I’m interested in work that combines a strong visual impact with interesting, important ideas. We’re looking for brains AND beauty.

Rather than selecting individual works, I chose the representative bodies of work from each artist. While collectors must choose among pieces, I believe any individual work is only fully meaningful in the context of the artist’s larger output.

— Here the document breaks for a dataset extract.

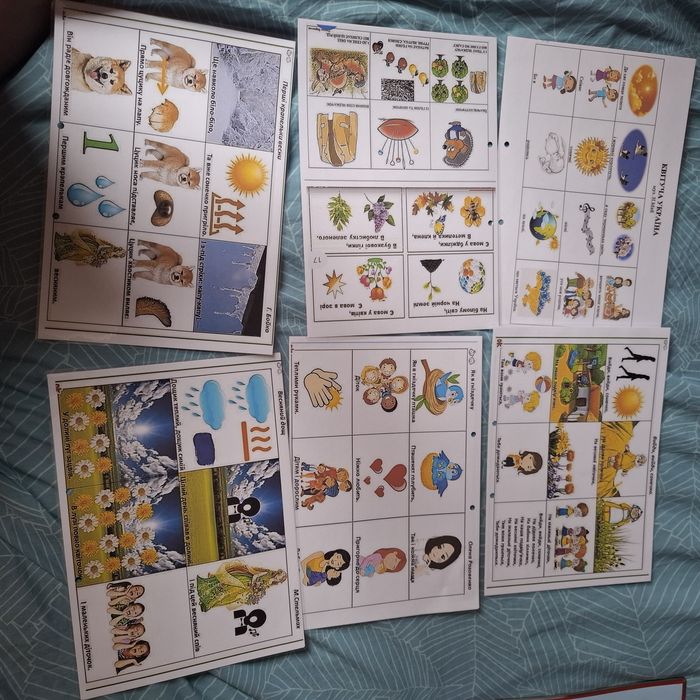 Віршики по картинках, Вірші мнемотехніка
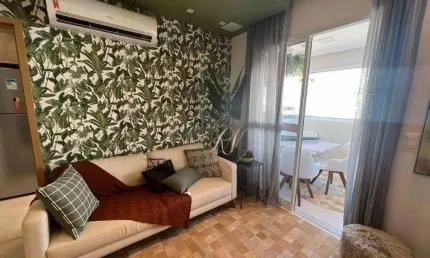 MARAVILHOSO APARTAMENTO, PRÉDIO NOVO, 2 DORMITÓRIOS, SACADA NA SALA, ALZER COMPLETO NO BAIRRO BOQUEIRÃO EM SANTOS!!!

The Magarinos, Marzianis and Costigliolos are a single selection. They are beautiful, even elegant examples of a type of abstraction coming from Latin America during the ’50s and early ’60s that deserve wider attention.

My selection:

Ignacio Bahna, Combustion Fossil II, 2013, at Artespacio

Mauro Giaconi , The Film, 2013, at Dot Fiftyone Gallery

Donna Conlon/Jonathan Harker, Domino Effect, 2013, at Diablo Rosso

Carlos Rolon (Dzine), Untitled (Black Mirror Crest), 2013, at Salon 94

Graciela Sacco, Cuerpo a Cuerpo, 2001, at Pan American Art Projects

Lorenzo Hurtado Segovia at CB1 Gallery

Ricardo Alcaide at Baró Galeria

Victor Magarinos D at Sammer Gallery LLC

Hugo Marziani at Sammer Gallery LLC

Jose Pedro Costigliolo at Sammer Gallery LLC

Artists to watch in 2014:

The artists represented in El Museo del Barrio’s biennial are always interesting and worth watching.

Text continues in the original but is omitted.